Letting Go

Last night, early labour-like cramps started. Heavy bleeding followed, along with relief that it was finally happening. After an uncomfortable evening and several pad changes I went to bed. I was expecting a disturbed night, but the pain settled and then left.

This morning although I had some more heavy bleeding, the cramps were mild and intermittent. They tailed off by the end of breakfast. Since then, the bleeding has slowed down to very little.

I’ve been through this so many times, and I know I haven’t passed the pregnancy. My temp was 98.3 this morning and runs at sub 97.9 in the follicular phase, so the miscarriage is incomplete. So far.

I’m hoping it will pick up again tomorrow (or very soon). I want this to be done. I want to let go.

Or maybe I don’t. Maybe my body, that has tried so hard for me but keeps failing, doesn’t want to give up just yet.

My sense of appreciation for this physical body that carries me around has never been stronger or more accepting. At the age of 40 I love every mark and every scar on my skin. Every stretch mark, every lump and every less-than-perfect contour. Repeat miscarriages have taught me many things, but most profoundly, although they initially made me hate my physical self, they finally reunited my mind and body with a deep love and respect.

My body is not at war with what I want, and it is not the enemy. It has taken me so much time to realise this.

So, I wait some more. I understand that although mentally I am ready to move on, the physical body still grieves. It hangs on, tries it’s hardest to maintain hormonal balance, works tirelessly to sustain a pregnancy that was never going to be a success. Such determination. Such commitment. The kind of commitment that will hopefully result in a happier outcome at some future point.

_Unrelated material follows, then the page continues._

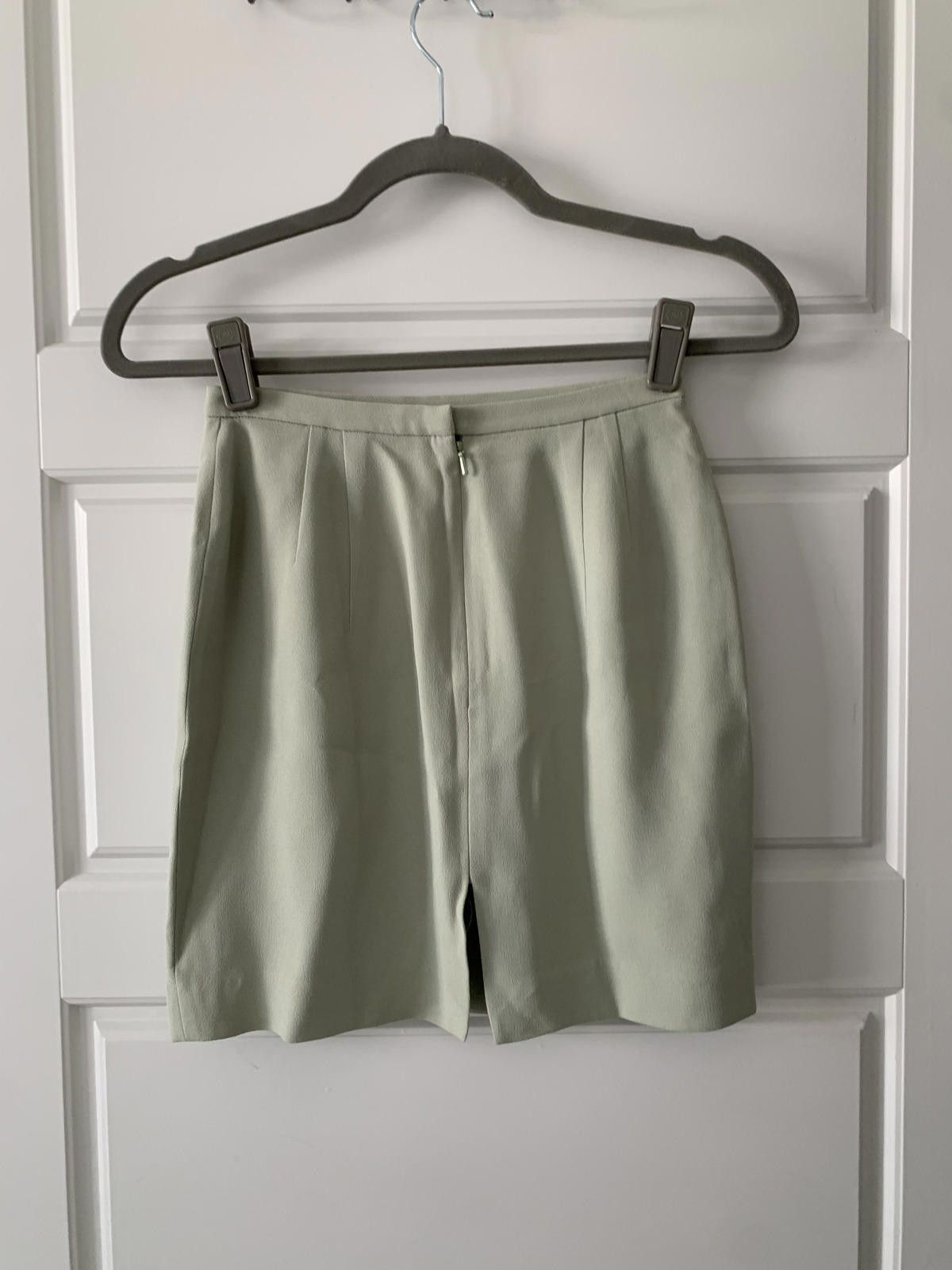 Kendrick Lamar VINTAGE Kenar Mini Skirt Size 26" / US 2 / IT 38 - 2 Thumbnail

Letting go is not just an emotional process, but a physical one too, and they may not always run to the same schedule. I have to accept that, and wait patiently for them both to arrive at the destination.

Thinking About 2015

New Year has always been a very special time for me. A time for reflection, and planning. A time to take stock and evaluate how I’m doing and what I could do better.

Now that Christmas is subsiding and our days are spent lounging around at home indulging in too much food, drink and TV, there is a heavy weight on my mind.


But, before that, my miscarriage. It still hasn’t happened. I’m still waiting to pass the gestational sac. I had some very, very faint contractions this morning, and a few last night in bed, but aside from effectively a light period bleed, nothing else. I’m hoping it’s not going to be too much longer, but my body always has such trouble letting go of these lost babies. I wanted to start the New Year with all this in the past, but as the days slip by it’s looking less likely.

But, trying to move on…

DH and I have talked a lot over the last couple of days about everything and the subject of IVF has come up again. We will have been trying three years on our own in April. Three years that I have been in stasis… waiting, waiting, waiting for my life to feel complete. Waiting, waiting, waiting for the family I always thought I was supposed to have.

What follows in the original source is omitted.